Compromise assessment is meant to answer whether the network or systems are compromised. Through identification of footprints left by attackers, suspicious indicators in the network as well as abnormal usage computer resource, all could lead to the discovery of a potential compromise within your organization.
Such activities usually involve some degree of forensic investigation and analysis in order to detect anomalies within network and endpoints. Activities that may indicate the system is compromised includes but not limited to:
Suspicious lateral movements in the network
Escalation of user privileges
Abnormal amount of network traffic
Anti-virus configuration being tampered
Unusual files and/or folders in protected directories
While Penetration Testing and Vulnerability Assessment allows you to understand the security loopholes within the organization, it does not answer the question of whether your system has been and is in the process of being hacked.
Compromise assessment done by an accredited professional service provider can effectively assist your company to identify if any of your assets are compromised.

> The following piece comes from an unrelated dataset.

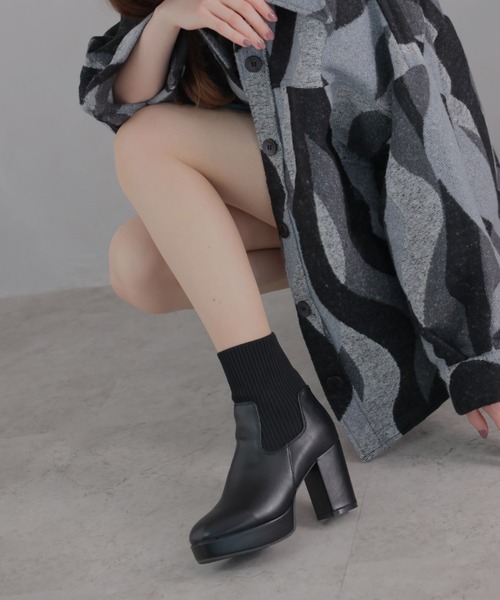 VIVIAN(ヴィヴィアン)の「厚底プラットフォームニットブーツ(ブーツ・レディース・ブラック/アイボリー/ダークブラウン・L/M/S/LL)」の19枚目の写真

If you suspect that your system may be compromised due to a variety of unexplainable reasons, it is recommended that you reach out to a professional service provider for a compromise assessment.
Here in LGMS, we specialize in performing a comprehensive assessment on your endpoint via digital forensic investigation methods. An attack usually starts with a single endpoint and ends on another. We believe that if these endpoints are thoroughly analysed in addition to building the chronology of the incident, the root cause of an attack can be identified. This essentially allows us provide recommendations in moving forward to our client so that they can successfully contain, eradicate, and prevent similar incidents from reoccurring.